The ‘XML Sitemap’ feature allows you to create an XML Sitemap with all HTML 200 response pages discovered in a crawl, as well as PDFs and images. The ‘Images Sitemap’ is a little bit different to the ‘XML Sitemap’ option and including ‘images’. This option includes all images with a 200 response and ONLY pages that have images on them.
If you have over 49,999 URLs the SEO Spider will automatically create additional sitemap files and create a sitemap index file referencing the sitemap locations. The SEO Spider conforms to the standards outlined in sitemaps.org protocol.
Read our detailed tutorial on how to use the SEO Spider as an XML Sitemap Generator, or continue below for a quick overview of each of the XML Sitemap configuration options.
Adjusting Pages To Include
By default, only HTML pages with a ‘200’ response from a crawl will be included in the sitemap, so no 3XX, 4XX or 5XX responses. Pages which are ‘noindex’, ‘canonicalised’ (the canonical URL is different to the URL of the page), paginated (URLs with a rel=“prev”) or PDFs are also not included as standard, but this can be adjusted within the XML Sitemap ‘pages’ configuration.
If you have crawled URLs which you don’t want included in the XML Sitemap export, then simply highlight them in the user interface, right click and ‘remove’ before creating the XML sitemap. Alternatively you can export the ‘internal’ tab to Excel, filter and delete any URLs that are not required and re-upload the file in list mode before exporting the sitemap. Alternatively, simply block them via the exclude feature or robots.txt before a crawl.
It’s optional whether to include the ‘lastmod’ attribute in a XML Sitemap, so this is also optional in the SEO Spider. This configuration allows you to either use the server response, or a custom date for all URLs.
‘Priority’ is an optional attribute to include in an XML Sitemap. You can ‘untick’ the ‘include priority tag’ box, if you don’t want to set the priority of URLs.
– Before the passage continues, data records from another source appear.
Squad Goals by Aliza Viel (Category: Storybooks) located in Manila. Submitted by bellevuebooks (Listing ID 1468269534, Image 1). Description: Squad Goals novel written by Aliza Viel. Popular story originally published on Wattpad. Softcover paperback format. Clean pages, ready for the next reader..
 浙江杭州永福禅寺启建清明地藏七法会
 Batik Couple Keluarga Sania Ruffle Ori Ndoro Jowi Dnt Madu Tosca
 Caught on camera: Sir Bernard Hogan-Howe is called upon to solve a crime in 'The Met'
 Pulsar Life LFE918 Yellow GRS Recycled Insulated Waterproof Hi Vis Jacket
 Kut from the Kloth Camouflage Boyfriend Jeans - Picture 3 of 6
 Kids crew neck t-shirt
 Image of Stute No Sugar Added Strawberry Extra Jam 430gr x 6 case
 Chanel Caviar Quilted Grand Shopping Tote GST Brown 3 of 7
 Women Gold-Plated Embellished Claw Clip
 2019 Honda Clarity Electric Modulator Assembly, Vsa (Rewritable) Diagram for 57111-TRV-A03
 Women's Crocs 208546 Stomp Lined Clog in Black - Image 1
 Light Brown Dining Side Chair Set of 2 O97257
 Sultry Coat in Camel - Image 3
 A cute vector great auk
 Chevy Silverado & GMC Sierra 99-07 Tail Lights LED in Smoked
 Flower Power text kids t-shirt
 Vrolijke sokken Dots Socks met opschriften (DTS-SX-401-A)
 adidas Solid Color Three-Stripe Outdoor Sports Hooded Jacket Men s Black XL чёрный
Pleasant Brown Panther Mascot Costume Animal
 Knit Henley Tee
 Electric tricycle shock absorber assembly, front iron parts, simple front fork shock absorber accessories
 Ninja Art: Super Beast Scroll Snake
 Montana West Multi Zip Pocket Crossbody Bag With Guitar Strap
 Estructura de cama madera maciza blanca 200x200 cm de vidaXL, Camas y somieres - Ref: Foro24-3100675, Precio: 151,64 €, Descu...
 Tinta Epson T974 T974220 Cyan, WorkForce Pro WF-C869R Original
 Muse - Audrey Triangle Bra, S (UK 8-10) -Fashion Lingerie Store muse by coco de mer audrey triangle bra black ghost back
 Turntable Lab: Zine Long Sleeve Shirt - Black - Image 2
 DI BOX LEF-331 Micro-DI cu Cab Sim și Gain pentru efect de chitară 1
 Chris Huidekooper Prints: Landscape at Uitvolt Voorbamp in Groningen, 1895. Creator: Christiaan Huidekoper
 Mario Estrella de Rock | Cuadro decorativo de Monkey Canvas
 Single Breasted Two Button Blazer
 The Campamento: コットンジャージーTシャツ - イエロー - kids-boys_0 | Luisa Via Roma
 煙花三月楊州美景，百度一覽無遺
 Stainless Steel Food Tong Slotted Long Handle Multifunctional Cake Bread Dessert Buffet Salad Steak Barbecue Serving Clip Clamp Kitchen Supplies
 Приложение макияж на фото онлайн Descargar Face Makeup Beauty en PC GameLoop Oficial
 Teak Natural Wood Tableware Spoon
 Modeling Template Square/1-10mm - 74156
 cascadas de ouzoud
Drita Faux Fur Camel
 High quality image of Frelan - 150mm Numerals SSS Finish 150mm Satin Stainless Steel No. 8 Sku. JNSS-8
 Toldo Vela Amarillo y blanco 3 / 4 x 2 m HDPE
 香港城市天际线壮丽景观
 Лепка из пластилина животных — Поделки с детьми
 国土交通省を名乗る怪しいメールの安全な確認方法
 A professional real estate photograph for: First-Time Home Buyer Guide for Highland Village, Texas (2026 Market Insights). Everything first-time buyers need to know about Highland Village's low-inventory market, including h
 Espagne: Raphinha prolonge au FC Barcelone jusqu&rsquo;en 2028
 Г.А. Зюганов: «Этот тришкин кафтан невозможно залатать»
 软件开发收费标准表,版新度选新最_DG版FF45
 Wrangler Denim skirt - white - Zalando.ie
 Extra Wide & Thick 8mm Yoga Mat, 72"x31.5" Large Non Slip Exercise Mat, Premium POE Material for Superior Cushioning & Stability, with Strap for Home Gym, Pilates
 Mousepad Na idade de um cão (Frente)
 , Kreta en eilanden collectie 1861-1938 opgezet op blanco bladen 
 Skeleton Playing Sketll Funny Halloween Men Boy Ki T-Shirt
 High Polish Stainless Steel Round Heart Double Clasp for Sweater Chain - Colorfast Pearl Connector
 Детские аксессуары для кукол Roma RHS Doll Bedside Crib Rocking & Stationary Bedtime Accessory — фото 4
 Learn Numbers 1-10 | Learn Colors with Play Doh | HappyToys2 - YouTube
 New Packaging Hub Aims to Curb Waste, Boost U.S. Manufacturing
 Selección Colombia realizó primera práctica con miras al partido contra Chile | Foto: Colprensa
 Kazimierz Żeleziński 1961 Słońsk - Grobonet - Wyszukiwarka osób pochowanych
It’s optional whether to include the ‘changefreq’ attribute and the SEO Spider allows you to configure these based from the ‘last modification header’ or ‘level’ (depth) of the URLs. The ‘calculate from last modified header’ option means if the page has been changed in the last 24 hours, it will be set to ‘daily’, if not, it’s set as ‘monthly’.
It’s entirely optional whether to include images in the XML sitemap. If the ‘include images’ option is ticked, then all images under the ‘Internal’ tab (and under ‘Images’) will be included by default. As shown in the screenshot below, you can also choose to include images which reside on a CDN and appear under the ‘external’ tab within the UI.
Typically images like logos or social profile icons are not included in an image sitemap, so you can also choose to only include images with a certain number of source attribute references to help exclude these. Often images like logos are linked to sitewide, while images on product pages for example might only be linked to once or twice. There is a IMG Inlinks column in the ‘images’ tab which shows how many times an image is referenced to help decide the number of ‘inlinks’ which might be a suitable for inclusion.